◆ DATA SHOWN ◆
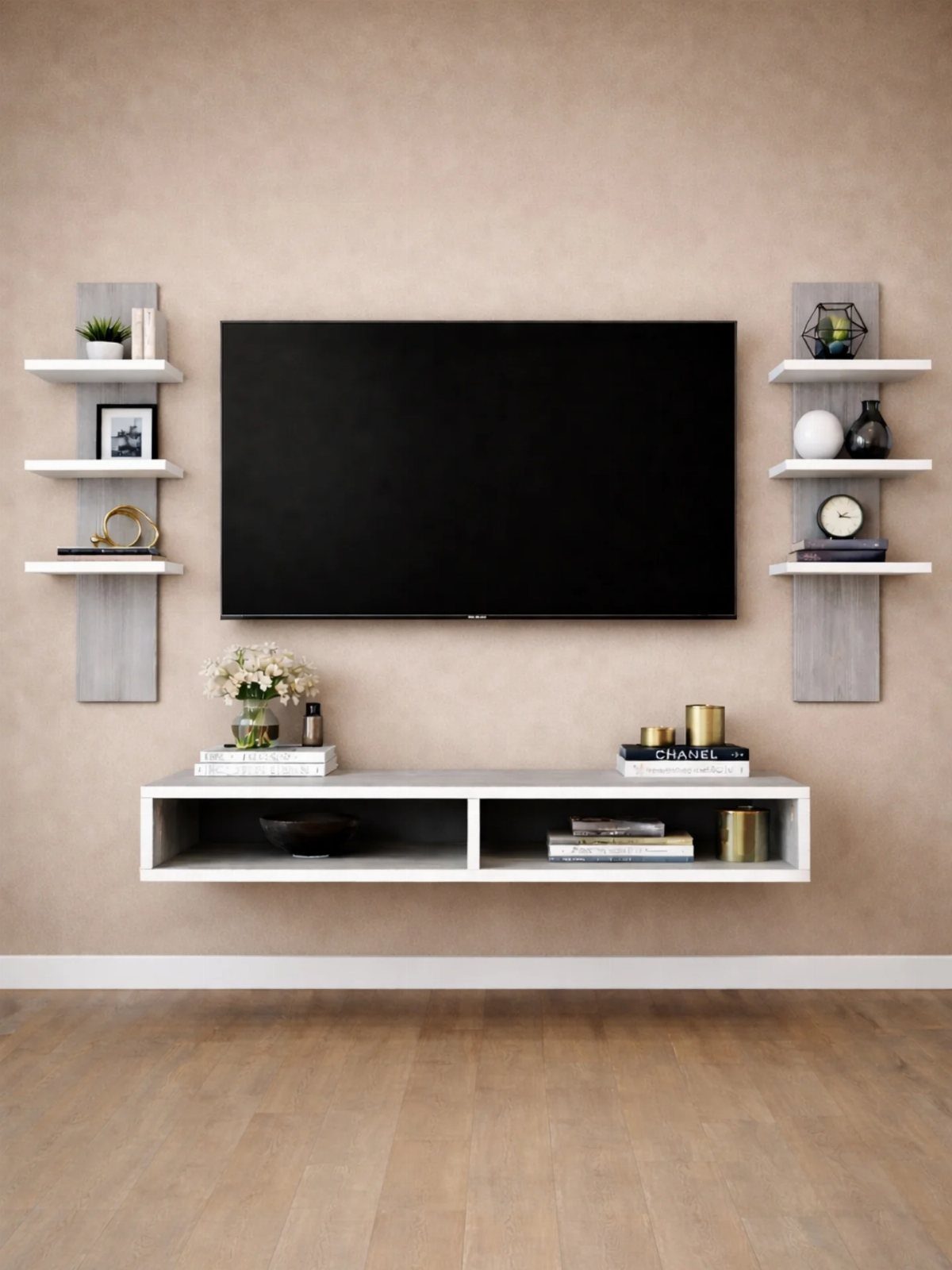 A black television mounted on a beige wall above a white floating media console.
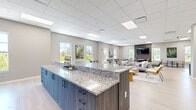 This generously proportioned single-floor communal space offers a thoughtfully designed open-plan layout that seamlessly blends multiple functional zones. The interior is finished with light wood flooring, neutral gray walls, and a suspended tile ceiling with recessed panel lighting, creating a bright and professional ambiance throughout.

At the heart of the space sits a well-appointed kitchen area, anchored by a large granite-topped island with bar seating. Dark wood cabinetry lines the back wall, complemented by stainless steel appliances including a full-size refrigerator, microwave, and ample counter space — making it ideal for casual dining or catered events.

The lounge area features a central sectional sofa arrangement around a solid wood coffee table, surrounded by a curated mix of accent chairs in warm tones. A wall-mounted flat-screen TV is set against a textured wood slat feature wall, adding warmth and visual depth to the seating zone.

A dedicated soft seating nook showcases leather armchairs gathered around a round side table, set against a striking panoramic cityscape mural, lending an urban, cosmopolitan feel. Additional high-top café-style tables and chairs are arranged near the perimeter windows, which provide abundant natural light and views of surrounding greenery. The overall atmosphere is polished, welcoming, and versatile.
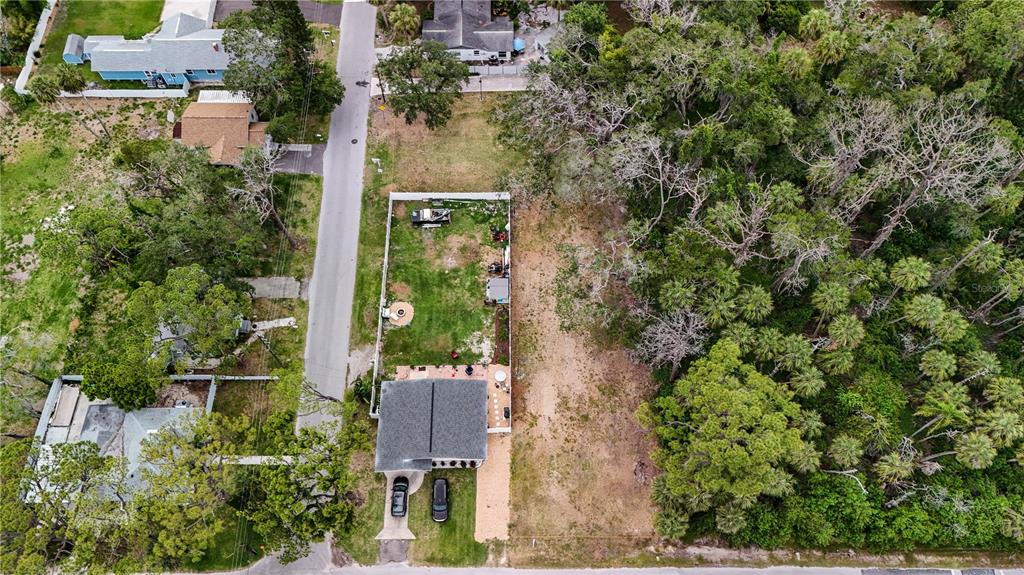 An aerial view shows a house with a fenced backyard next to a wooded lot — 0 LIMESTONE, PORT RICHEY, FL
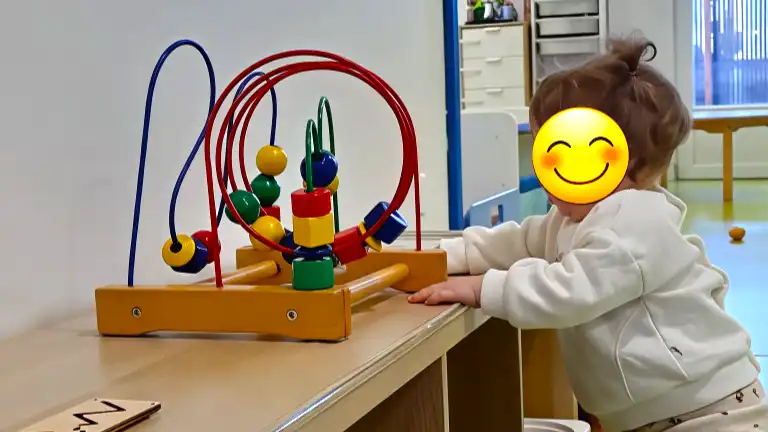 Enfant jouant avec un boulier Montessori à La Petite Crèche lors de la reprise des activités quotidiennes après les fêtes.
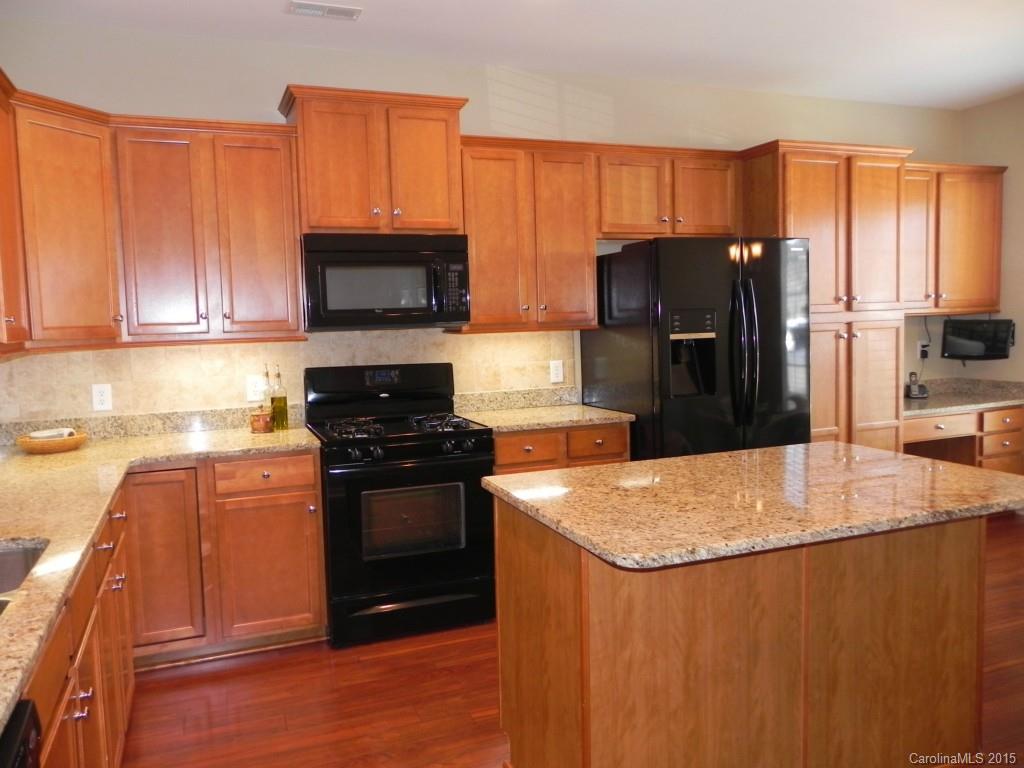 3030 Voyageurs Way Indian Land, SC 29707 - Photo 4 of 12 a kitchen with granite countertop a refrigerator stove and oven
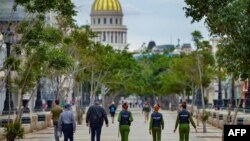 Police officers walk along El Paseo del Prado street in Havana, on November 15, 2021.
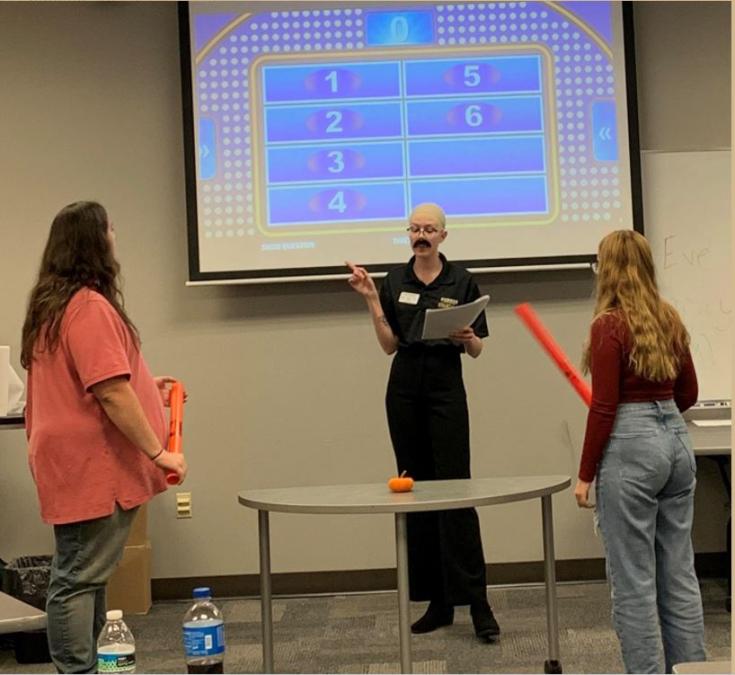 Financial Feud host (wearing bald cap) asking question during game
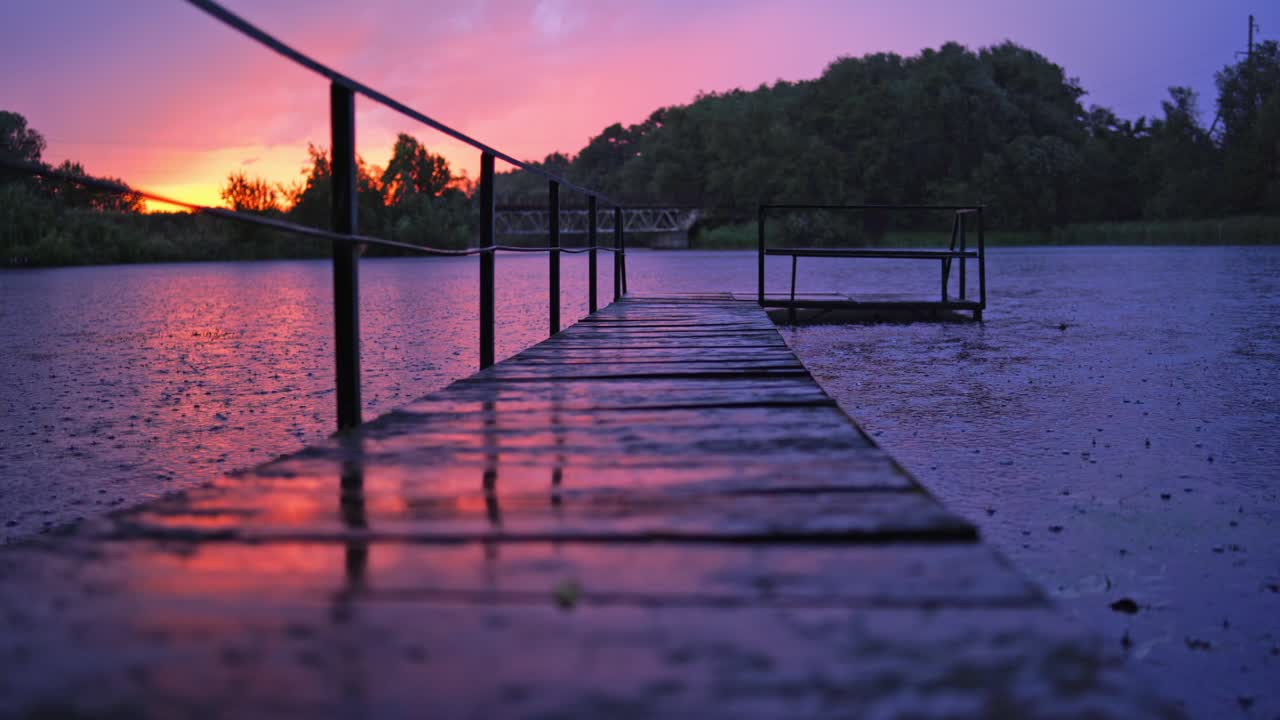 Amazing view of rain falling on the water and footbridge at sunset. Wet wooden bridge over the lake with nobody in the evening in rural place.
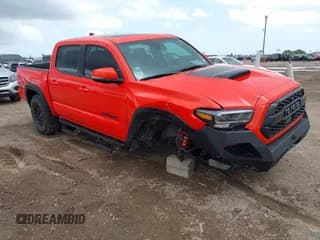 ✅ 2023 Toyota Tacoma SR • VIN: 3TYCZ5AN0PT157498 • Lot: 42499193. Listed on IAAI with 19,070 mi. Free auction sales archive from the USA and detailed vehicle history report at DreamBid. Image 1.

◆ TASK INSTRUCTIONS ◆
Only the records themselves, retyped exactly, belong in the answer; please leave all images behind.

◆ RESULT BELOW ◆
 A black television mounted on a beige wall above a white floating media console.
 This generously proportioned single-floor communal space offers a thoughtfully designed open-plan layout that seamlessly blends multiple functional zones. The interior is finished with light wood flooring, neutral gray walls, and a suspended tile ceiling with recessed panel lighting, creating a bright and professional ambiance throughout.

At the heart of the space sits a well-appointed kitchen area, anchored by a large granite-topped island with bar seating. Dark wood cabinetry lines the back wall, complemented by stainless steel appliances including a full-size refrigerator, microwave, and ample counter space — making it ideal for casual dining or catered events.

The lounge area features a central sectional sofa arrangement around a solid wood coffee table, surrounded by a curated mix of accent chairs in warm tones. A wall-mounted flat-screen TV is set against a textured wood slat feature wall, adding warmth and visual depth to the seating zone.

A dedicated soft seating nook showcases leather armchairs gathered around a round side table, set against a striking panoramic cityscape mural, lending an urban, cosmopolitan feel. Additional high-top café-style tables and chairs are arranged near the perimeter windows, which provide abundant natural light and views of surrounding greenery. The overall atmosphere is polished, welcoming, and versatile.
 An aerial view shows a house with a fenced backyard next to a wooded lot — 0 LIMESTONE, PORT RICHEY, FL
 Enfant jouant avec un boulier Montessori à La Petite Crèche lors de la reprise des activités quotidiennes après les fêtes.
 3030 Voyageurs Way Indian Land, SC 29707 - Photo 4 of 12 a kitchen with granite countertop a refrigerator stove and oven
 Police officers walk along El Paseo del Prado street in Havana, on November 15, 2021.
 Financial Feud host (wearing bald cap) asking question during game
 Amazing view of rain falling on the water and footbridge at sunset. Wet wooden bridge over the lake with nobody in the evening in rural place.
 ✅ 2023 Toyota Tacoma SR • VIN: 3TYCZ5AN0PT157498 • Lot: 42499193. Listed on IAAI with 19,070 mi. Free auction sales archive from the USA and detailed vehicle history report at DreamBid. Image 1.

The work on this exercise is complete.